Santos alega que teve seu nome arrastado para a denúncia após atender a um favor pedido por Damião, a quem conheceu na própria Câmara. Trabalhando na época para uma companhia aérea na Câmara, Damião teria pedido a ele que entregasse no balcão uma requisição de crédito no valor de R$ 300, relata.
O assessor conta que, como estava com outra requisição em mãos na fila do guichê em nome do deputado para quem trabalhava, não viu problema em atender ao pedido do amigo. O problema é que o documento tinha Damião como favorecido. A assinatura, atribuída a outro parlamentar, era, na verdade, falsa. O funcionário que recebeu o pedido percebeu a fraude e acabou denunciando Santos e Damião.
“Eu fui levado a cometer um delito de graça. O deputado ficou muito chateado, mas entendeu minha situação e meus 24 anos de Câmara”, explica o assessor.
A reportagem não conseguiu localizar Pedro Damião. O site apurou que ele trabalhou no gabinete do deputado Pompeu de Matos (PDT-RS) por um curto período, mas está fora da Câmara desde novembro de 2004. Por meio de sua assessoria, o deputado gaúcho informou que jamais teve conhecimento de qualquer irregularidade atribuída ao ex-assessor parlamentar.
Cidade maravilhosa
O MPF também deve apurar como são administrados os créditos que sobram todos os meses das cotas aérea e postal dos parlamentares.
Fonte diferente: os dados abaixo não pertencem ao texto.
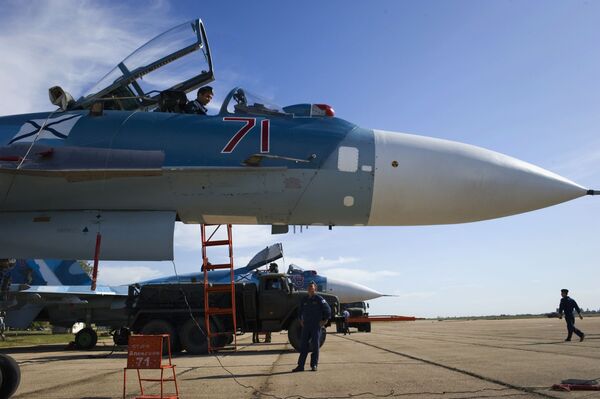 Военнослужащие подготавливают самолет СУ-33 к тренировочным полетам летчиков палубной авиации Северного флота на тренажере Нитка в Крыму - Sputnik Абхазия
Os deputados têm crédito mensal que varia de cerca de R$ 4 mil a pouco mais de 18 mil, conforme a unidade federativa que representam, para gastar com passagens aéreas.
O Congresso em Foco fez uma simulação sobre gastos que teriam os parlamentares que têm direito às maiores fatias desse bolo: Acre, com R$ 17.429,77, e Roraima, com R$ 18.337,68. Considerando-se apenas tarifas não promocionais disponíveis no mercado, constatou-se uma sobra que varia de R$ 4 mil a R$ 5 mil na compra de quatro passagens de ida e volta entre Brasília e as respectivas capitais desses estados.
Esse valor pode ser ainda maior considerando que os deputados podem usar créditos para o envio de correspondências e uso do telefone funcional na compra de passagens aéreas. A possibilidade está prevista no Ato da Mesa 11/2007.
Os procuradores da República também devem questionar a incorporação na cota de cada um dos deputados de uma passagem mensal, de ida e volta, para o Rio de Janeiro. “A justificativa é muito difícil de engolir. A de que o Rio de Janeiro é capital da República, mas isso já acabou há muito tempo”, avalia o deputado licenciado Augusto Carvalho (PPS-DF).